> [Entries shown]
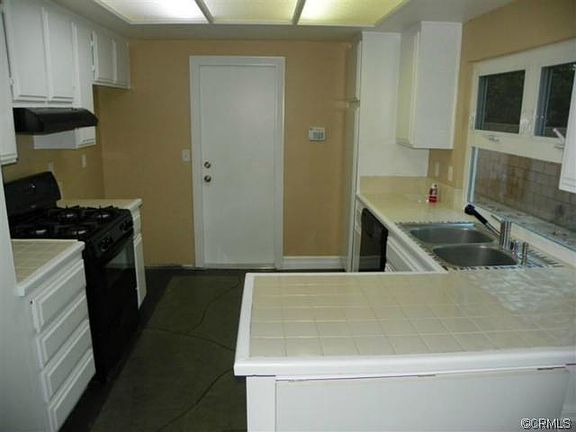 5th image of 1530 Cheryl St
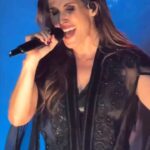 Malú Instagram - A Todo Sí junto a @_maluoficial_!!! Enhorabuena por otro sold out!!! Felices de compartir contigo!!! Mañana... Sevilla!!! 🤟🏻🤟🏻🤟🏻 #ATodoSíTour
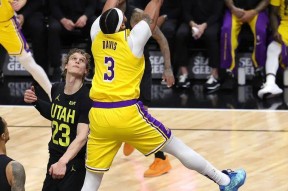 浓眉哥迎来七赛季高光表现，老鹰球迷沸腾！的简单介绍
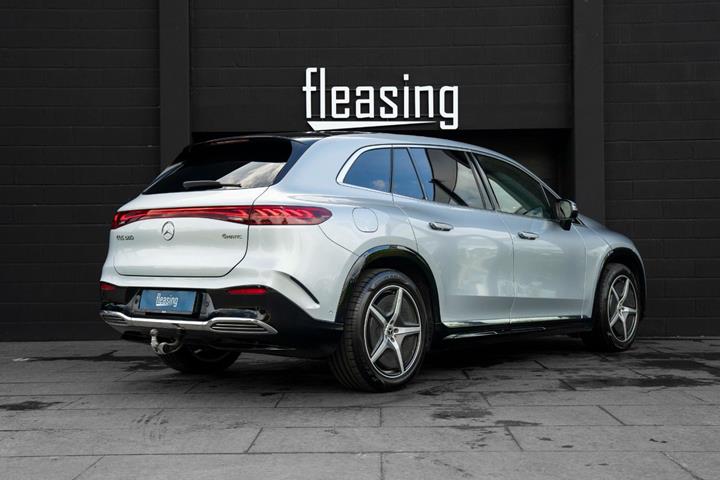 Sølv Mercedes EQS580 SUV fra 2024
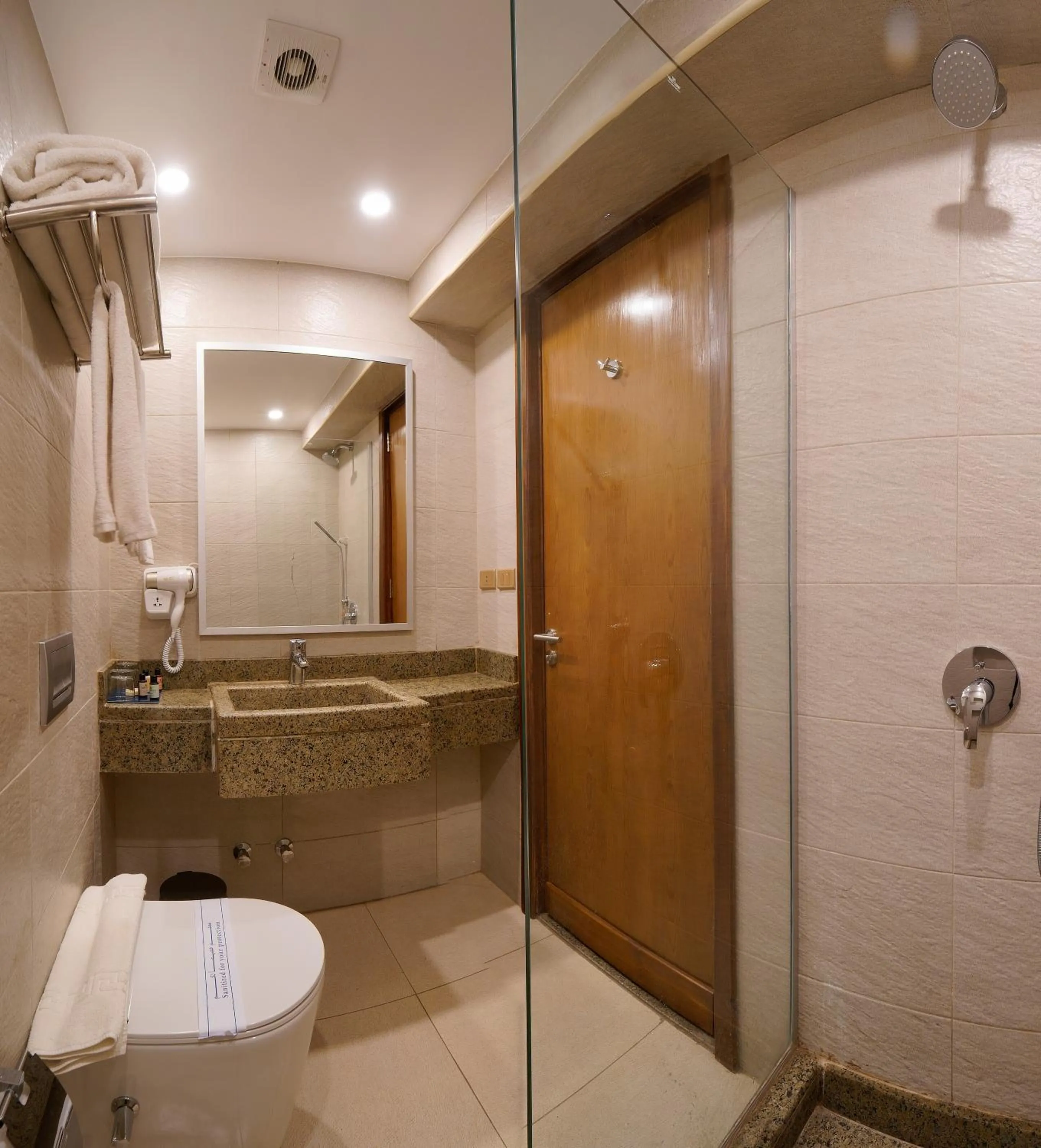 Shower in Stay Inn Pyramids Hotel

> [Task brief] Starting at the line with "Sølv Mercedes EQS580 SUV fra 2024", transcribe the listing above exactly through its last line. No picture belongs in the transcription.

> [Task answer]
 Sølv Mercedes EQS580 SUV fra 2024
 Shower in Stay Inn Pyramids Hotel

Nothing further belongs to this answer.